Thanks for the calculations! Although I’m not sure if I understand where you’re going with this. I think that scaling of the variance with sigma is not what is causing the problems of these models, as the latent observation error is on the scale of the linear predictor, where the variance is well behaved.
Here’s a real world example showing one of the datasets I’m modelling with this. What this example shows is that real world data actually does have such high sigma values. The example model has posterior values of sigma^2 of over 1, which is in the range where the negative-binomial approximation breaks down. Here’s the posterior of sigma for one of them:

x-axis logarithmical
blue: prior (normal(0,3), preliminary prior for testing purposes)
red: posterior
Here’s the data and model predictions:

Its a local-linear-slope model, year on the x-axis, number of counted individuals on the (logarithmical) y-axis.
That model works ±ok-ish, but doesn’t sample well enougth for publication quality yet on some of the datasets I’m using it for. The problems of this particular model are only partially related to this thread.
During writing this answer I realized that I made some mistakes in the previous posts:
(Note: It seems I can’t update my posts above anymore to correct the error)

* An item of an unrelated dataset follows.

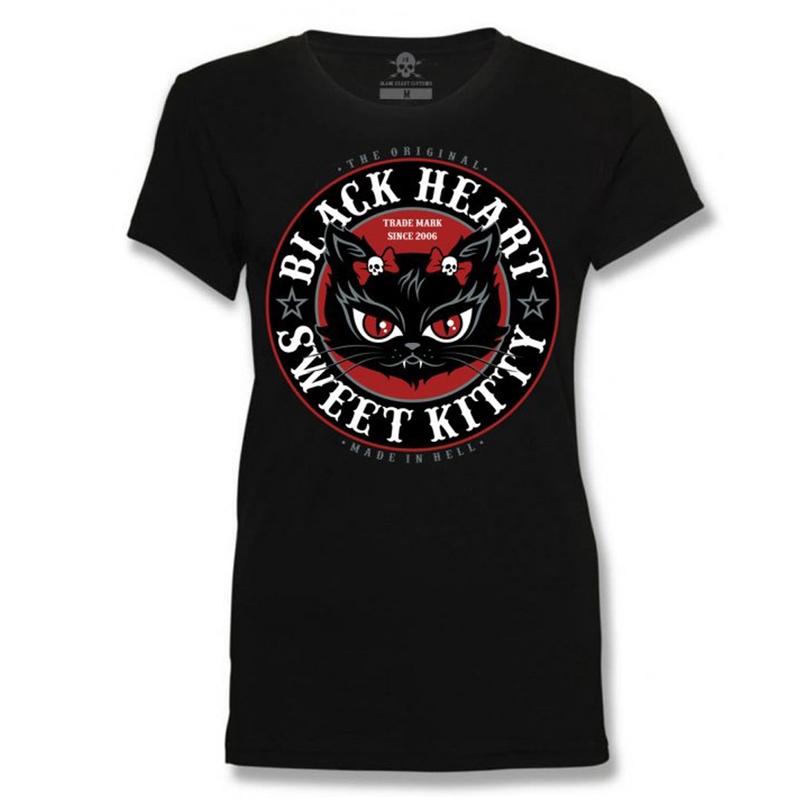 Tricou dama Black Heart Kitty lichidare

Contrary to what I wrote there, as can be seen from the example model, the problem, at least with the models I currently work on, is not that sigma varies over orders of magnitude (it doesn’t!, although I think i remember I had that problem in the past with other similar models). Rather the problem in my current models is (at least that’s what I think) the correlations between the latent variables used to represent the observation level errors with other latent variabels in the model (e.g. the markov-chain representing population size in structural time series models). Thus what i wrote about the non-centered parameterisation I tried is also wrong. What I non-centered was not the observation level error, but the latent markov-chain in the structural time-series models. This works for “curvy” datasets, but when the datapoints are ± on a straight line, thus allowing for the posterior of the stepsize of population changes between the timesteps in the model to get close to zero, then I get the problem described previously that i need a noncentered parameterisation for the latent markov-chain which (i think) causes problems with the latent gaussian observation level errors because it makes the correlations between them and the non-centered markov-chain non-linear, which means that the sampler can no-longer adapt to them.

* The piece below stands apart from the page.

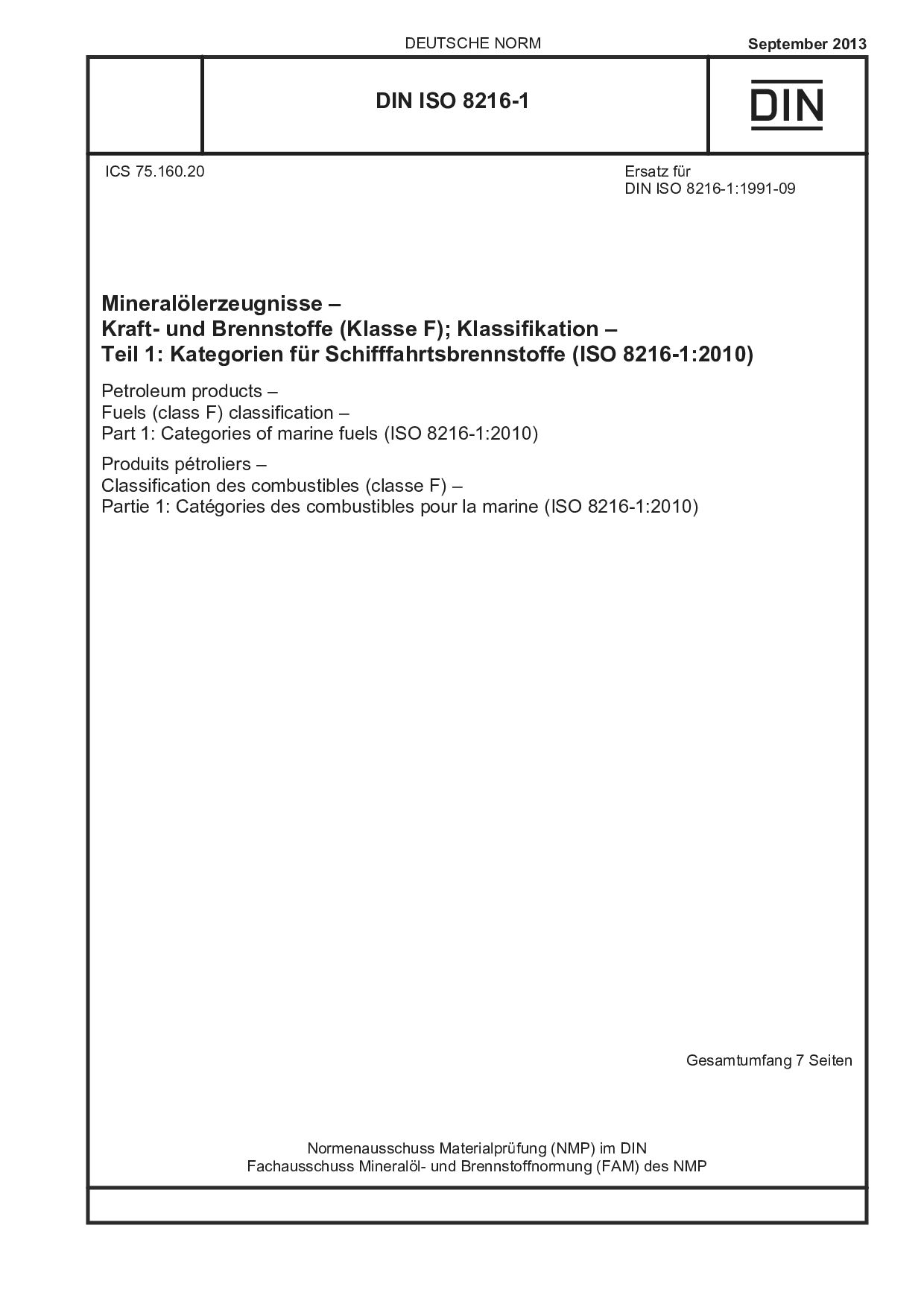 DIN ISO 8216-1:2013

So, disregarding the particular problems I have with my current models, the motivation of this thread actually was the general pattern I saw in my work that I gravitate to the type of models explained in the opening post, which can lead to problems for various kinds of reasons. So the idea of this thread was to get rid of the latent observation level error to reduce the number of possible variable interactions, reduce dimensionality, etc, which would bring different benefits for different models.